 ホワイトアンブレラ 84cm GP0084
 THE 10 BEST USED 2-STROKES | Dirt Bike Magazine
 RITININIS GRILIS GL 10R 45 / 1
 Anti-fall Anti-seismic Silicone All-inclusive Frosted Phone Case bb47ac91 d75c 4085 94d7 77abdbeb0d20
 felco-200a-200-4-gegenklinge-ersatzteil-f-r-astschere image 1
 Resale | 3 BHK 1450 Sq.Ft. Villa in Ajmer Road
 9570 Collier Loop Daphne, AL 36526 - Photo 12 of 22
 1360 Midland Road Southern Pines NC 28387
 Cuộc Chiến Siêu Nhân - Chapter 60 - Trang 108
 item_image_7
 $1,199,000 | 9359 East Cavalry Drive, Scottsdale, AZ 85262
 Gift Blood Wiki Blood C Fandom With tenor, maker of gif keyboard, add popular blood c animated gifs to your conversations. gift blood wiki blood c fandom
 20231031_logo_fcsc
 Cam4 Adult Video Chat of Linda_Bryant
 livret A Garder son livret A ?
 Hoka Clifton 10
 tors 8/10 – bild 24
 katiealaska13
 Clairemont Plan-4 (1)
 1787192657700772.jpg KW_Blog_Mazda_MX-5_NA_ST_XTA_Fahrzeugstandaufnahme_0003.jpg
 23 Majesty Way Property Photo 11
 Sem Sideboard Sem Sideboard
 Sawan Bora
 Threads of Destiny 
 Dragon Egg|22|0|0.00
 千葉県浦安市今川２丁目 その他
----
What the task requires: Would you print exactly, and only, the lines of the data above from the line with "9570 Collier Loop" through the line with "katiealaska13", inclusive?

Response area:
 9570 Collier Loop Daphne, AL 36526 - Photo 12 of 22
 1360 Midland Road Southern Pines NC 28387
 Cuộc Chiến Siêu Nhân - Chapter 60 - Trang 108
 item_image_7
 $1,199,000 | 9359 East Cavalry Drive, Scottsdale, AZ 85262
 Gift Blood Wiki Blood C Fandom With tenor, maker of gif keyboard, add popular blood c animated gifs to your conversations. gift blood wiki blood c fandom
 20231031_logo_fcsc
 Cam4 Adult Video Chat of Linda_Bryant
 livret A Garder son livret A ?
 Hoka Clifton 10
 tors 8/10 – bild 24
 katiealaska13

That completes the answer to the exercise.